"Mengembara di negeri asing" menghadirkan sensasi kegelisahan yang kuat. Mengembara di negeri asing bisa berupa keterasingan, bertemu dengan orang-orang yang tidak mengenal kita, kesulitan dalam berkomunikasi dan seterusnya.
Kita juga bisa menyelami kesakitan lewat frase
Aku hilang bentuk
remuk.
Pertama kali membaca puisi ini saya langsung membayangkan, mungkin seperti ini penderitaan orang yang dibelit anaconda raksasa. Remuk sampai tak berbentuk.

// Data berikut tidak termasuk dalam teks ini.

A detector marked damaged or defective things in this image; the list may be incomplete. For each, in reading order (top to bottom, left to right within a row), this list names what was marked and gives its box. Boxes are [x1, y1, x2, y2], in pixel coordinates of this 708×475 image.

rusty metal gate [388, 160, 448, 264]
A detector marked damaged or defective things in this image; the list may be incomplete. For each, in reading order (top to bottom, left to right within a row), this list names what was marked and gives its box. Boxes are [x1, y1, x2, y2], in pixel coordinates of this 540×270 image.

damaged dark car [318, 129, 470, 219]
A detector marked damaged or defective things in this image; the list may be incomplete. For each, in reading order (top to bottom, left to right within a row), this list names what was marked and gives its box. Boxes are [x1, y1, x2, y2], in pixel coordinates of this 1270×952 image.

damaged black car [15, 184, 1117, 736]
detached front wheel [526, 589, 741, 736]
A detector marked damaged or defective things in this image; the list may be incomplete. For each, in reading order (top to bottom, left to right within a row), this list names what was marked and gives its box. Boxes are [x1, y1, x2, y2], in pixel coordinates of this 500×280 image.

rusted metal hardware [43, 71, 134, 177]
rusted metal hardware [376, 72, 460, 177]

Tapi di atas itu semua, dan ini bagian yang terpenting, penulis tetap berkeyakinan Tuhan itu adalah entitas yang holistik. Dan hanya kepada-Nya sajalah kita harus menaruh harapan. Pesan ini ditulis dengan baik pada kata-kata pamungkas puisinya.
Di pintu-Mu aku mengetuk
Aku tidak bisa berpaling.
Saya merasakan, selain diksi, kekuatan dari puisi-puisi Chairil Anwar adalah metafora yang hidup dan menghadirkan kesan mendalam bagi pembaca. Seperti baris penutup puisi ini contohnya.

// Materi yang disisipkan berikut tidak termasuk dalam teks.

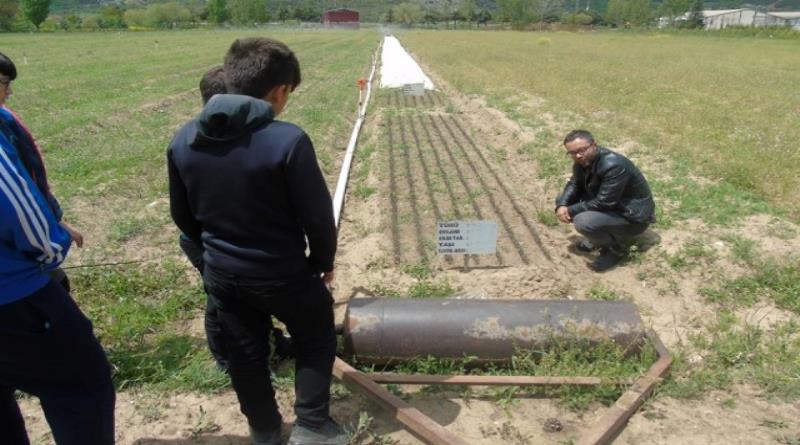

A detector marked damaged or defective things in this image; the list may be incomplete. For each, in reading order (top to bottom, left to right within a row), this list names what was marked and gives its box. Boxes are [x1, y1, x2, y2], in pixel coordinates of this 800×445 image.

rusty metal cylinder [340, 298, 648, 364] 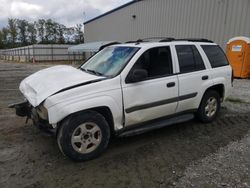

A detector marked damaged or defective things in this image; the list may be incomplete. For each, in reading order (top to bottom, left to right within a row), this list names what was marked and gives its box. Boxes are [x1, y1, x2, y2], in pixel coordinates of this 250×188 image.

crumpled hood [19, 65, 101, 106]
damaged front end [9, 100, 55, 134] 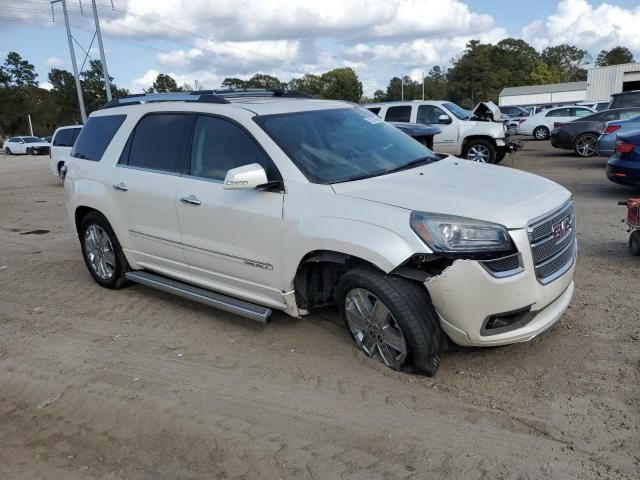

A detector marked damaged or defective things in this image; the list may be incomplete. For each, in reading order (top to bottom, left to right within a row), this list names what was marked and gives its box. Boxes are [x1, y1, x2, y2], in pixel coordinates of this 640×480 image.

damaged vehicle [364, 99, 520, 163]
damaged vehicle [63, 90, 576, 376]
damaged front bumper [424, 229, 576, 344]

Alih-alih menggunakan kata-kata seperti menengadahkan tangan atau meminta (seperti lazimnya orang berdoa) Chairil Anwar justru menggunakan kata pintu dan mengetuk.
Artinya, dalam kepasrahan sekalipun kita tetap harus tetap berikhtiar, berupaya untuk menemukan jawaban atas pertanyaan atau mencari pemecahan masalah-masalah hidup yang sedang dihadapi.